Urdhva dhanurasana is an asana known in English as wheel pose, although the meaning in Sanskrit is a bit different. Urdhva means “upward”, dhanur means “bow” and asana means “posture”, so the literal translation would be “upward-facing bow pose”.
The wheel posture is usually done towards the end of yoga sequences when the body and spine have warmed up since it is a back-bending asana, that is, an extension of the spine. It is considered a difficult yoga posture, perfect for you if you practice intermediate or advanced yoga because its benefits are gradually noticed when you commit to a yoga routine.
Read this article to learn the main back bending asanas and how to practice them safely to take care of your back.

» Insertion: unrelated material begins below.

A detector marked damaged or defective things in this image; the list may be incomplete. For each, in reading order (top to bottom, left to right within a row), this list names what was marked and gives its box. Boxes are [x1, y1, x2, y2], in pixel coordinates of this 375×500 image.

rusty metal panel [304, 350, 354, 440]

Don’t forget to check with your doctor which poses are suitable for you if you notice discomfort when doing the wheel pose.
If you practice advanced yoga, learn in this article the trivia of 6 difficult yoga positions, including urdhva dhanurasana, to further deepen your practice.
Benefits of Urdhva Dhanurasana
- The wheel pose is an asana with multiple benefits:
- Relieves headaches, because it releases tension in the cervical and neck area.
- It stimulates digestion.
- Tones the pelvic muscles, shoulders, wrists, abdominal muscles, back, arms, legs, and buttocks.
- It opens the chest, and thus helps expand the lungs and makes breathing easier.
- It stimulates the nervous system.
- Gives mental clarity.
It is important that you avoid practicing this asana if you have injuries to your spine, wrists, or shoulders. Remember that you must perform all yoga postures respecting your limits because the important thing in yoga is not to achieve a perfect asana for the photo, but to notice your evolution and follow your personal path.
Tips for doing the wheel pose
- To learn how to practice urdhva dhanurasana follow these steps:
- Lie on the floor with your knees bent and your arms stretched out beside your body.
- Bring your feet as close to your buttocks as you can and bring your hands to the sides of your ears.
- From here, lift your glutes and your entire back up with the strength of your legs.
- Press your hands to the ground to now raise your shoulders and head. Rest your crown on the ground.
- Keep applying force to your arms and legs and raise your head by extending your arms.
- Come out of the pose gently, supporting your head first and lowering your back vertebra by vertebra.
Variations of the wheel pose in yoga
Urdhva dhanurasana with stretched legs
From wheel pose, step forward with each foot until both feet are at the end of the mat and legs are straight.
Stability with three support points
From urdhva dhanurasana, raise one arm or one leg. Raise your right arm first, then your left arm, then your right leg, and finally your left leg. Instead of four support points, you will have three support points and you will be able to distribute the weight.
Dhanurasana or the bow pose is a back-bending asana that is performed just the opposite of urdhva dhanurasana, that is, with the belly against the mat. From there, curl your legs up to bring your heel closer to your glutes and grab your insteps with your hands to open your chest. This posture has other variations because you can grab the feet by the ankles, the tops of the feet, or the toes, and you can also grab one foot instead of both.